# iPod Touch won't charge or turn on



## NeedsHelpPlease

My iPod Touch will not turn on or charge, why is this it was working perfect the night before? 

I have tried a new cable,
I have tried it on 5 different Pcs.

Any help?

EDIT: I can not get the iPod on to my Computer aswell.


----------



## Snoopdogie187

Hi,
I would check the cable.
it could be a bad cable that isn't doing anything now.

It might also be more serious, where there is a problem with the ipod. Could be the battery went bad or something internally went bad.

I would think if the ipod wasn't showing an almost dead battery the last time it was used (and turned off - not used and left on without watching it), then it is not very likely the battery.

I would also try holding down the Sleep/wake button and the Home button at the same time for 10 to 15 seconds at least and see if it restarts. Not having an ipod touch I can't be sure, but I think this is the same as holding the Menu and center on most older ipods, which restarts it, and that can be helpful when it becomes a problem.


----------



## NeedsHelpPlease

I have tried to do all the things you told me to do and still nothing, so it must be the battery is there anyway to fix that?


----------



## Snoopdogie187

If the ipod is under a year old (or 2 years if you bought the extended plan) I would call apple first.

There is also a chance its another problem, and not just the battery. I don't know if trying to use it with a charger will work or not with a bad battery, I never had that problem, so I can't say for sure if its the battery.

Also, its not easy to change ipod batteries, you have to open the ipod up (some are glued, some are just snapped together tightly), and the ipod touch might be harder, I would have to look into that more to see. 
Then also the batteries are soldered onto the board, so a lot of people can't replace them themselves.

For an electronic item to just stop working is usually odd without any signs of problems first (sometimes not working, shorter battery life, etc.)

If you have a wall charger, you might want to plug it into that to see if it can give it enough power to turn on.

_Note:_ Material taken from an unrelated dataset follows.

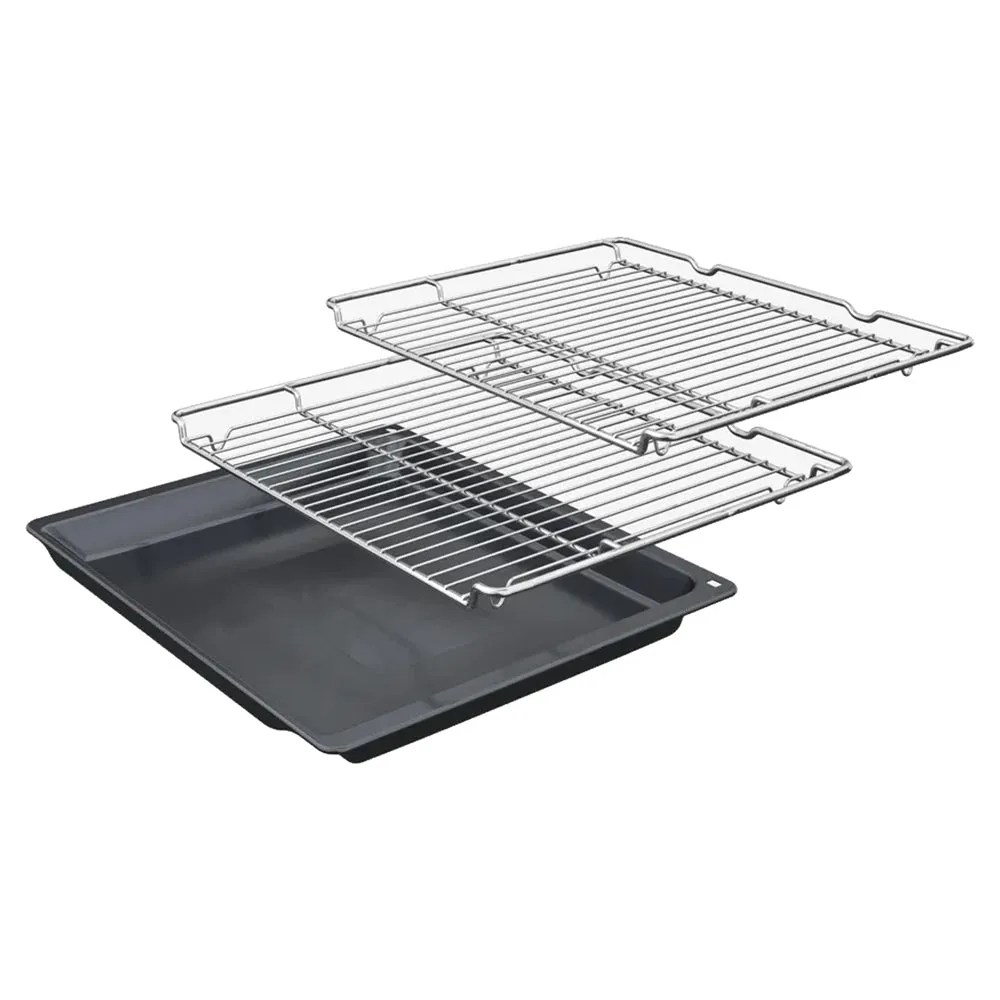 Bosch 71L Built-In Electric Single Oven - Stainless Steel | HQA534BS3B
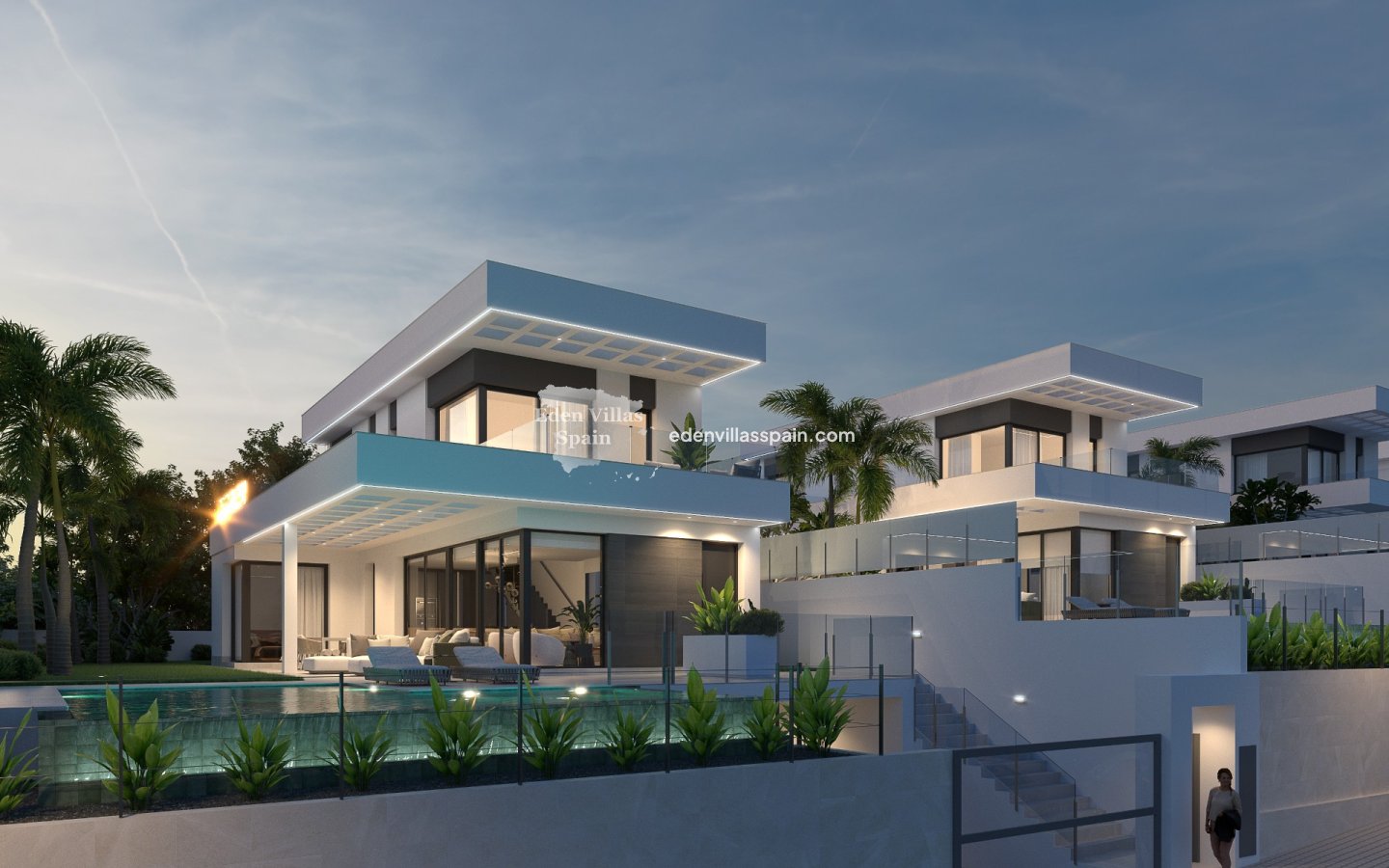 New Construction - Coastal Villa - Finestrat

Overall I would suggest bringing it to a place that fixes ipods/iphones as the problem may be more than just a battery issue. Sorry, I can't say for sure what the problem is. If you can open the ipod you can test the volts of the battery, that might give you an idea if its the battery or not, but still can't be fully sure.


----------



## NeedsHelpPlease

I have also tried a wall charger and still nothings. So I might take it to someone that could fix it for me. Thank you for your help.


----------



## Snoopdogie187

You're welcome, sorry ipods in general aren't too fixable except little stuff, and even then it is difficult to get to some times.


----------